COLLECTED DATA

· · · ·

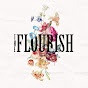 The Flourish logo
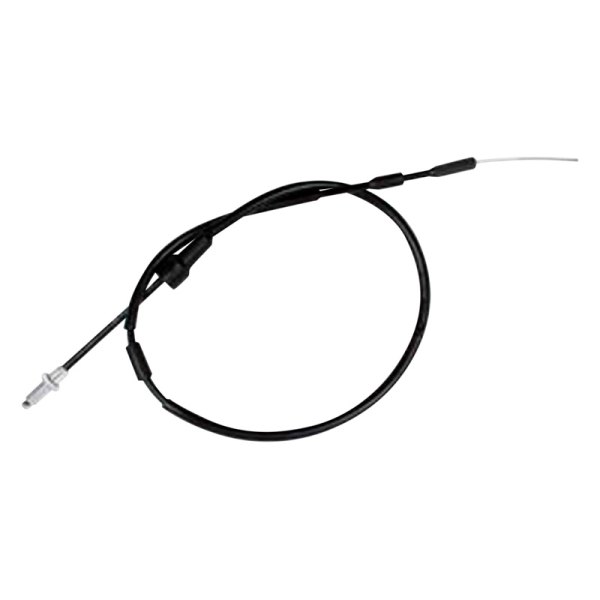 Motion Pro® - Black Vinyl Throttle Cable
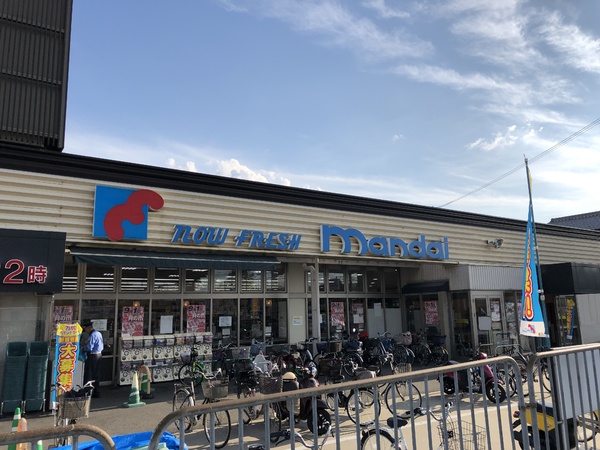 京都市伏見区羽束師志水町の中古一戸建て(万代羽束師店)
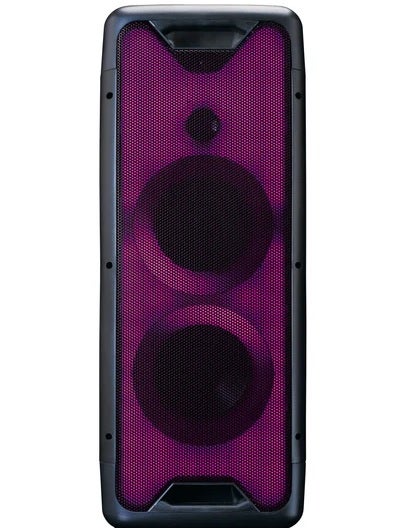 Lenco PA-200 TWS Portable Speaker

· · · ·

TASK TO COMPLETE
The expected answer consists solely of the lines from the one with "Motion Pro® - Black Vinyl Throttle Cable" through the last line of the listing above, restated exactly, minus any pictures.

RESULT OF THE EXERCISE
 Motion Pro® - Black Vinyl Throttle Cable
 京都市伏見区羽束師志水町の中古一戸建て(万代羽束師店)
 Lenco PA-200 TWS Portable Speaker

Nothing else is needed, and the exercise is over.